Dalle riflessioni degli operatori emerge chiaramente l’affaticamento nel portare avanti una misura molto articolata e complessa, che sta richiedendo un impegno importante su diversi fronti, dal momento che gli operatori sono impegnati sia nel lavoro con le persone anche nella strutturazione della rete allargata di operatori necessaria al corretto funzionamento della misura.

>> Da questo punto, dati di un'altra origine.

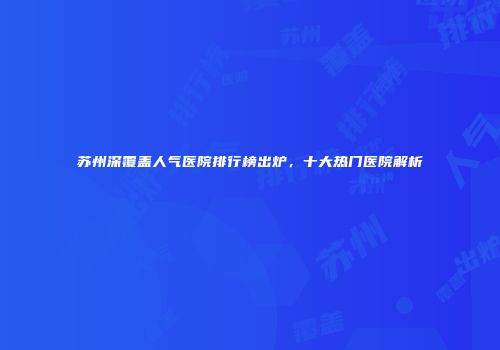 苏州深覆盖人气医院排行榜出炉，十大热门医院解析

(…) Quello che vivo con tantissima ansia è questa modalità di gestione. Nel senso le scadenze ed i controlli, che appunto se avessi un numero di utenti accettabile e facessi solo quello va bene, ma nelle condizioni in cui sono, quindi di gestione di tutto l’aspetto amministrativo, di dover scrivere gli atti e via dicendo, non è assolutamente gestibile.”

(Intervista 6 A.S.)

Dopo un anno di esperienza e grazie ad una nuova rimodulazione delle risorse, il Comune di Portogruaro, quale capofila dell’Ambito ha ridefinito l’utilizzo dei fondi destinandone una parte proprio all’assunzione di ulteriore personale che verrà incaricato di supportare gli operatori dei Comuni per la progettazione individualizzata. Ciò garantirà da un lato un certo sollievo rispetto al carico di lavoro e dall’altro lato anche una maggior qualità della progettazione, in quanto i professionisti Assistenti Sociali assunti con questa parte dei finanziamenti potranno specializzarsi nell’utilizzo della strumentazione ed anche garantire maggiore preparazione nei temi legati al lavoro.

“(…) ci sarà appunto con una rimodulazione una implementazione del

personale per quanto riguarda l’ambito insomma del Veneto Orientale. Ulteriori A.S. verranno assunti a supporto degli operatori sul territorio.